First, we're going to exploit the distance metric. Let's imagine a naive solution where we, for each hero, iterate through the distance from 0 to infinity until we find the first enemy in our hero's range. This can be improved by binary search, but we do no better than $$$O(n^2log)$$$. Because of the taxicab metric, our hero's range will look like a diamond centered around the hero:

Diamonds are difficult to work with. What about squares? If we rotate the $$$OXY$$$ axis by 45 degrees (by replacing each point $$$(x, y)$$$ with $$$(x + y, x - y)$$$, then we get something like this:

Now we want, for each hero, the smallest square with its center at the hero that has exactly one enemy within it. Because there is no ambiguity in the distances, this must exist for each hero. One way to do this in $$$O(nlog^3n)$$$ is by binary searching on a 2D implicit segment tree, but that's basically no better than $$$O(n^2)$$$. Another way is more smoother but uses a similar approach.
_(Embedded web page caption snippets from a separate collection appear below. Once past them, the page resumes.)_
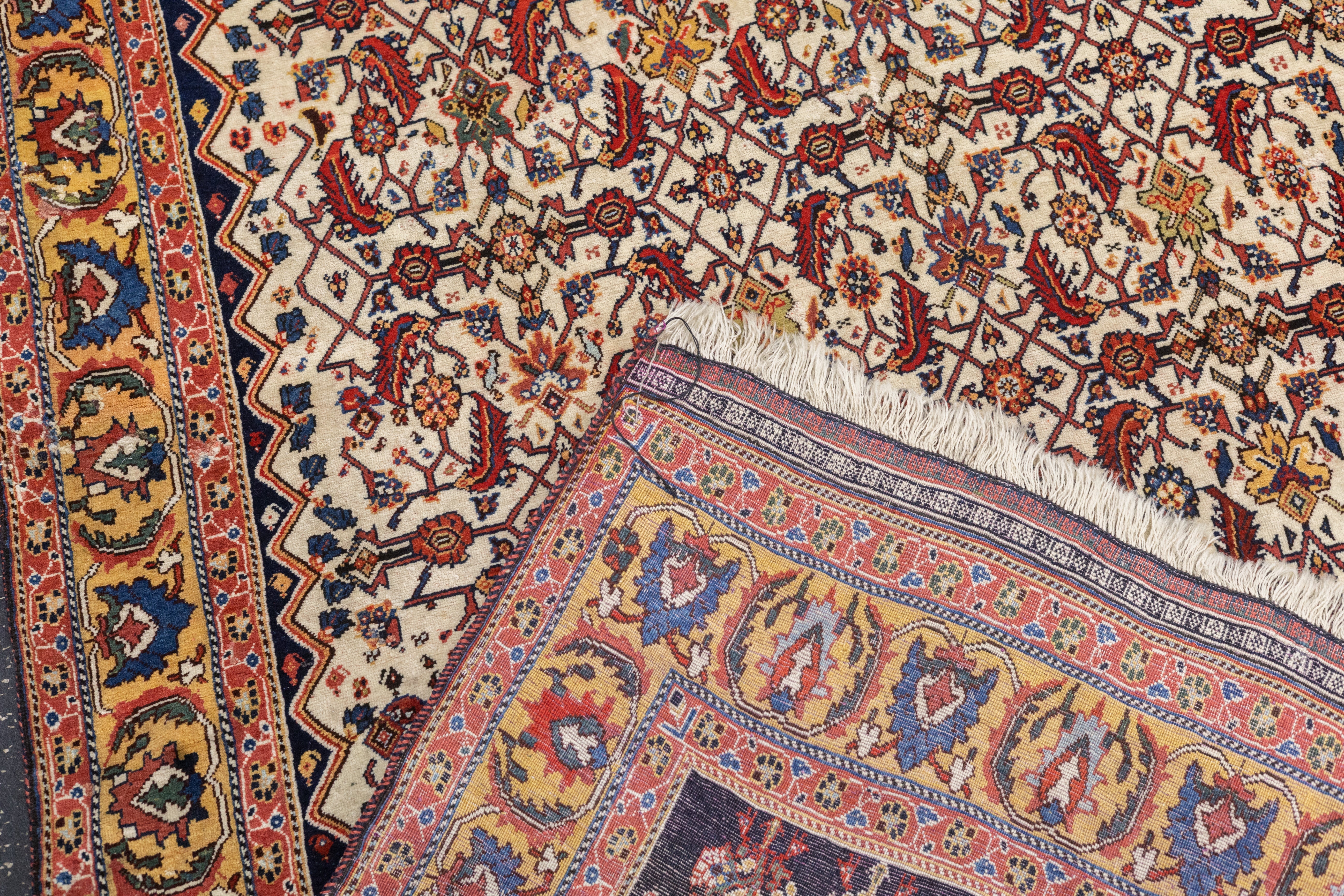 Antique Qashqai Rug 4'3'' x 7'2''
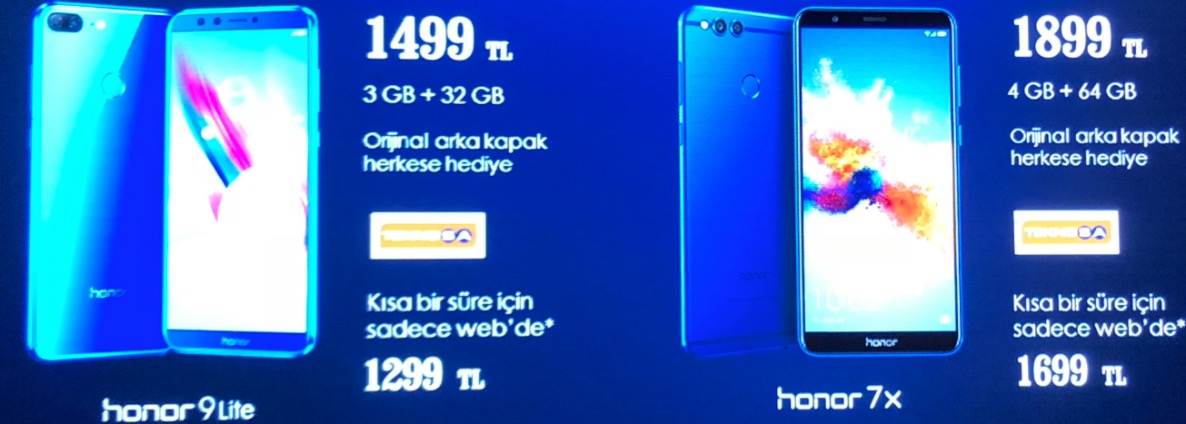 Honor 9 Lite ve Honor 7X Türkiye fiyatı ve özellikleri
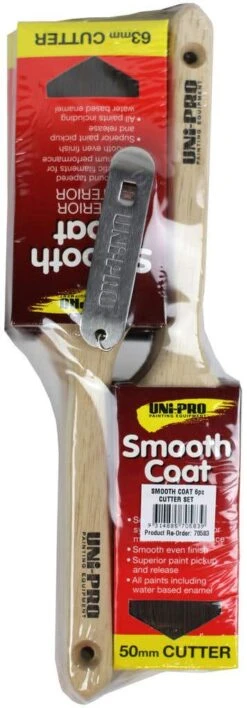 Uni-Pro Brush Set Smooth Coat Sash Cutter 50/63mm - 6 Pack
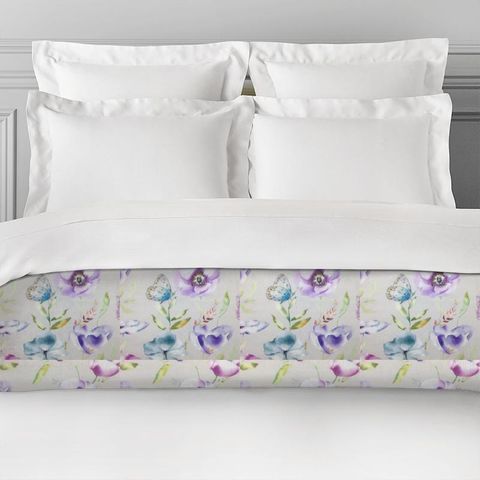Farfalla Plum Bed Runner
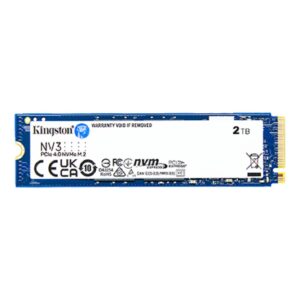 UNIDAD DE ESTADO SOLIDO KINGSTON INTERNO SNV3S NV3 2TB M.2 2280 NVME PCIE GEN 4X4 LECT.6000/ESCRIT.5000 MB/S PC/LAPTOP/MINI P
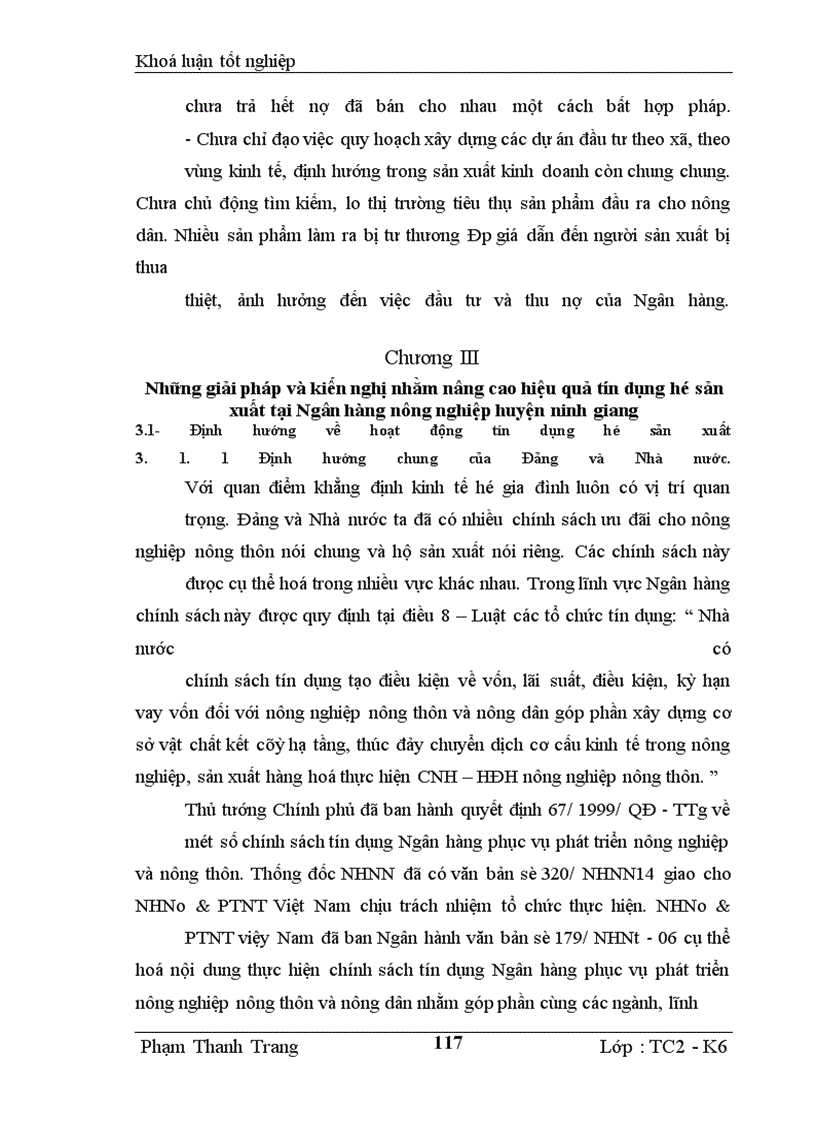 image for page Giải pháp nâng cao hiệu quả Tín dụng đối với hộ sản xuất tại Ngân hàng nông nghiệp & phát triển nông thôn huyện Ninh Giang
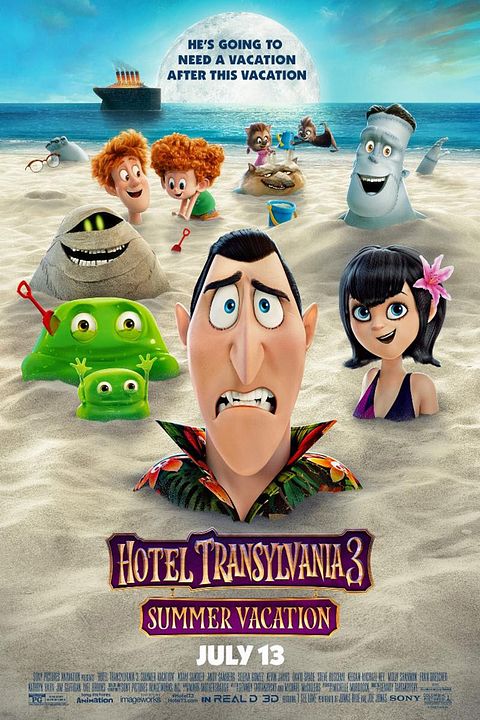 Hotel Transsilvanien 3 - Ein Monster Urlaub : Kinoposter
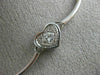 ANTIQUE .77CT DIAMOND 14K WHITE GOLD MULTI LOVE HEART MILGRAIN NECKLACE #5207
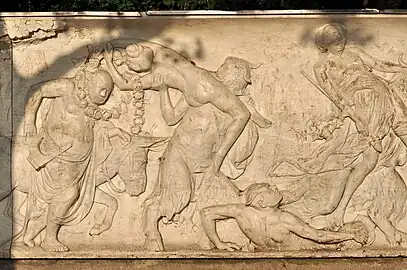 A. Meyer, frieze in Seefeld (Zürich), 1900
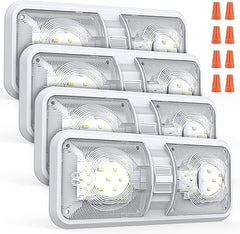 RV Interior LED Ceiling Light 12V 1000LM 4-Pack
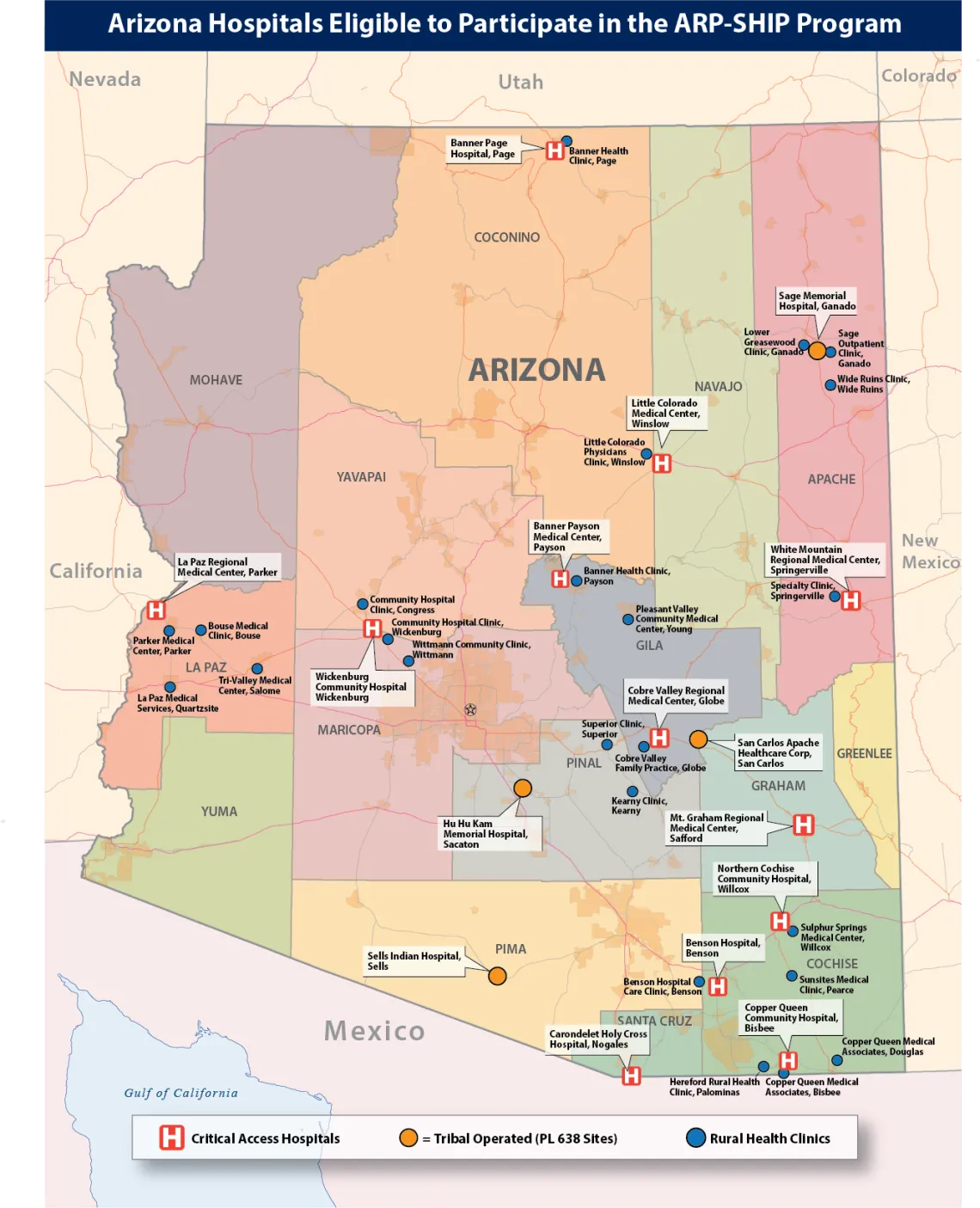 AZ Hospitals eligible for ARP-SHIP funding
Compress the x-coordinates, but maintain the positions of each of them. This is so we can use a segment tree for range maximum queries. We will do a line sweep on the y-coordinate and find the answer for each hero sequentially. Start a line at the hero at the highest y-coordinate and go down. We need two segment trees for this, one for enemies below and one for enemies above our current hero. The entries in the segment trees represent the y-distance from our current hero. Initially, all enemies below the top hero can be inserted into our 'below' tree position $$$x_{enemy}$$$ with value $$$y_{hero} - y_{enemy}$$$, and all enemies above the top hero are inserted into our 'above' tree into position $$$x_{enemy}$$$ with value $$$y_{enemy} - y_{hero}$$$

Now the RMQ value for an x-coordinate range for the above/below tree represents the minimum y-distance in the range. What this means is, for a given x-range, we can find if a point is in the square with vertical sides at those x-coordinates. Treating the above and below trees separately (we just take the minimum of their two answers), we now want the smallest possible square that satisfies that the minimum difference in y-value <= the size of the x-range, meaning that there is at least one point in the range. If this square was any smaller, there would be no points in it. We can binary search on this, decreasing our square size when the RMQ value for our range is less than the x-range and increasing when it's not true. Our x-coordinates (the compressed ones that we use for the segment tree) can be found with another binary search (it's just another $$$logn$$$ factor). Note that it is not difficult to recover the coordinates after doing this, which will give the actual enemy we use.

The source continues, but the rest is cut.